= Beginning of Section =
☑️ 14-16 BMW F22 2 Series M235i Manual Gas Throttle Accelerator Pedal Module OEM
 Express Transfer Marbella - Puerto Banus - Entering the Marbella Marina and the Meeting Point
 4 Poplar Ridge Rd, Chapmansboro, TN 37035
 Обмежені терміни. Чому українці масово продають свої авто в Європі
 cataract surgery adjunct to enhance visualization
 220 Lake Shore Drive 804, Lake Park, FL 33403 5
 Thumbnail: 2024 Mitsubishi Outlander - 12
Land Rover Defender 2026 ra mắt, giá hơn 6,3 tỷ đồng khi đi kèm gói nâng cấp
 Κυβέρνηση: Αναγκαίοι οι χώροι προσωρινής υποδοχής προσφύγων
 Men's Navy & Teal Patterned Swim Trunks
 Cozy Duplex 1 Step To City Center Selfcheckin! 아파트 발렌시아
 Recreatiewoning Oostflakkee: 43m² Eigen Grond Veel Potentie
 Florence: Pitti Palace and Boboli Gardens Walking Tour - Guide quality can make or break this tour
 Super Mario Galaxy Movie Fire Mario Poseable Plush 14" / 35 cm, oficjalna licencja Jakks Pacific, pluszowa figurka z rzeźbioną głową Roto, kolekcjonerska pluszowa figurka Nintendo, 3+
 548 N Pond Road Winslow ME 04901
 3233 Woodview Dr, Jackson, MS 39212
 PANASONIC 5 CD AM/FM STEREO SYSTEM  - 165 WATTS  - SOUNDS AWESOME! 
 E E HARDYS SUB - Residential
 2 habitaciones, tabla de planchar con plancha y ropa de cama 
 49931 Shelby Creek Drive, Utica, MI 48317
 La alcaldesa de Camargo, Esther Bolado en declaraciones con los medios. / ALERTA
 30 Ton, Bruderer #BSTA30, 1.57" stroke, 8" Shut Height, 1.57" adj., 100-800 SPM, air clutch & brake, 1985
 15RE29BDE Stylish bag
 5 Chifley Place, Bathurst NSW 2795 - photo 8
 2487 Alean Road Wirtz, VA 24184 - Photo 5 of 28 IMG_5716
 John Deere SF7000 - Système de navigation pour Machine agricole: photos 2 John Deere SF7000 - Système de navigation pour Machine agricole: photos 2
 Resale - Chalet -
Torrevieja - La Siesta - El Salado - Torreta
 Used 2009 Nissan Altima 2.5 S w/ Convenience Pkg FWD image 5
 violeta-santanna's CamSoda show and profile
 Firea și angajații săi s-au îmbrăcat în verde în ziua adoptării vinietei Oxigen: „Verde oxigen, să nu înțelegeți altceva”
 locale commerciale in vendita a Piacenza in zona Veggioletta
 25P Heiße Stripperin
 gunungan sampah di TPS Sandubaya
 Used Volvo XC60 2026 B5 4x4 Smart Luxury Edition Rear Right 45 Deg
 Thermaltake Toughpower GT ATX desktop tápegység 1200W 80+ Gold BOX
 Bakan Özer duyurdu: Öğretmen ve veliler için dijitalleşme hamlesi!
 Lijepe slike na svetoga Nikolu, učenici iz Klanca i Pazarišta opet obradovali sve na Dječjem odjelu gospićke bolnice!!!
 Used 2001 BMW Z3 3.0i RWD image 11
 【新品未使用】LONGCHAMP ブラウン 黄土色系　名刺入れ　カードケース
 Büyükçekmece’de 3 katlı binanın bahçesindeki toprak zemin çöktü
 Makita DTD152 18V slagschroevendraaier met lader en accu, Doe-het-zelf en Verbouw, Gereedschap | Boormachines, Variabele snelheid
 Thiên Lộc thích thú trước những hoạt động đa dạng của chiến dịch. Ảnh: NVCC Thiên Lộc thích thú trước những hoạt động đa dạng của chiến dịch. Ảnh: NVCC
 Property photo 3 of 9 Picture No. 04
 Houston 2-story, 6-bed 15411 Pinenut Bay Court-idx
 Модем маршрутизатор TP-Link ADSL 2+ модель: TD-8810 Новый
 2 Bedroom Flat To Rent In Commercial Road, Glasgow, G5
= End of Section =
Problem description
Each line in the listing above that includes "Road" is to be copied.

Task response
 548 N Pond Road Winslow ME 04901
 2487 Alean Road Wirtz, VA 24184 - Photo 5 of 28 IMG_5716
 2 Bedroom Flat To Rent In Commercial Road, Glasgow, G5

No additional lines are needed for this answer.